▶ [Study material]

■ ■ ■ ■ ■

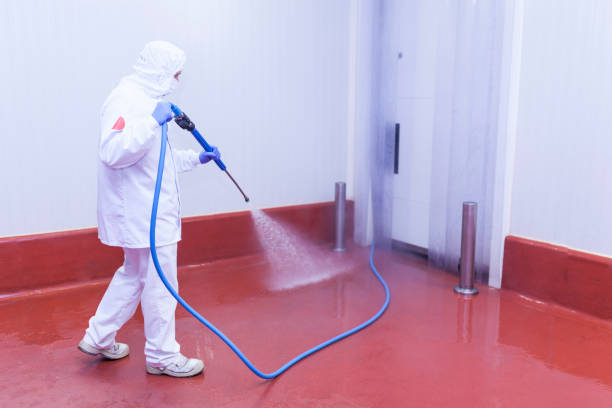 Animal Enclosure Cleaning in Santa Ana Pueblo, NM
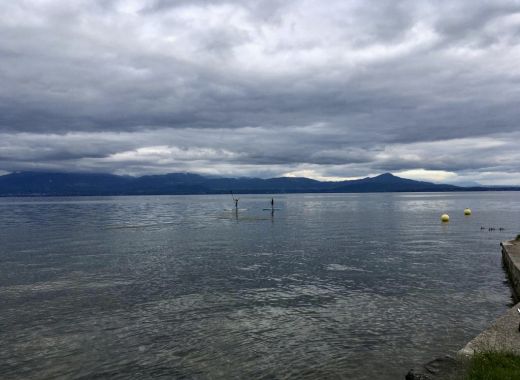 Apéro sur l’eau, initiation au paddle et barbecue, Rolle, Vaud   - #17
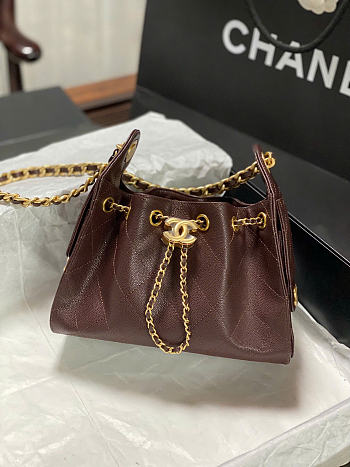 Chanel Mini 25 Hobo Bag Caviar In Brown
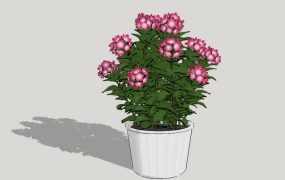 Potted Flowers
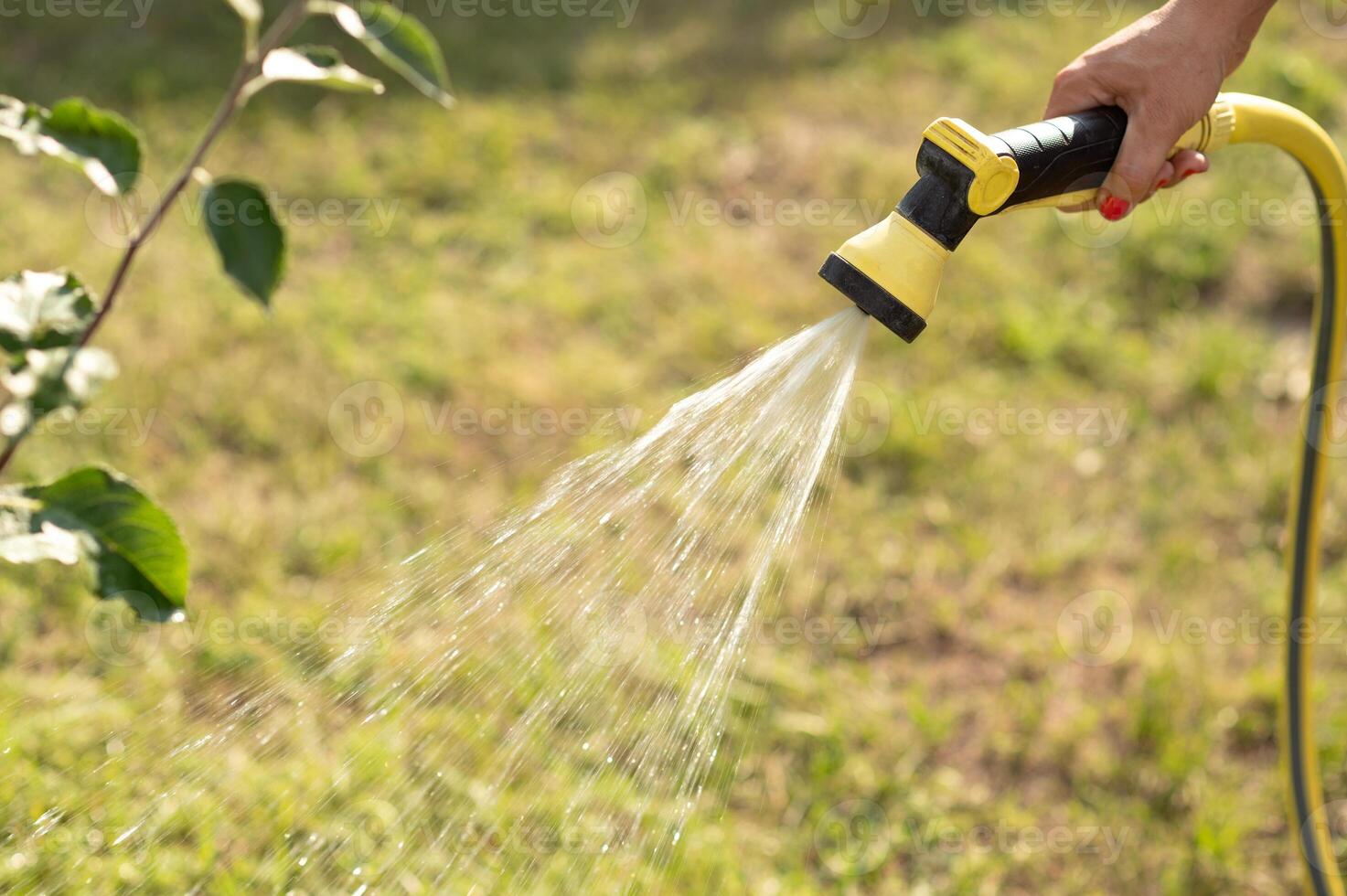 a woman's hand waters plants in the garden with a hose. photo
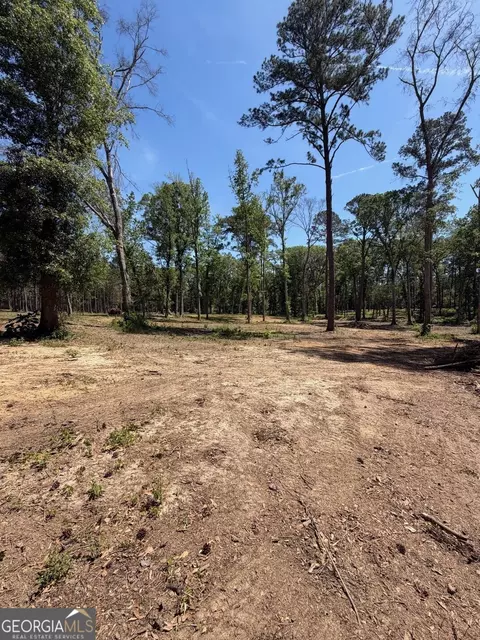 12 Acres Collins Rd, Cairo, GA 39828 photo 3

■ ■ ■ ■ ■

▶ [Instructions for the task] Restate, word for word and without pictures, the lines from the line containing "Chanel Mini 25 Hobo Bag Caviar In Brown" to the last line of the records above.

▶ [Expected answer]
 Chanel Mini 25 Hobo Bag Caviar In Brown
 Potted Flowers
 a woman's hand waters plants in the garden with a hose. photo
 12 Acres Collins Rd, Cairo, GA 39828 photo 3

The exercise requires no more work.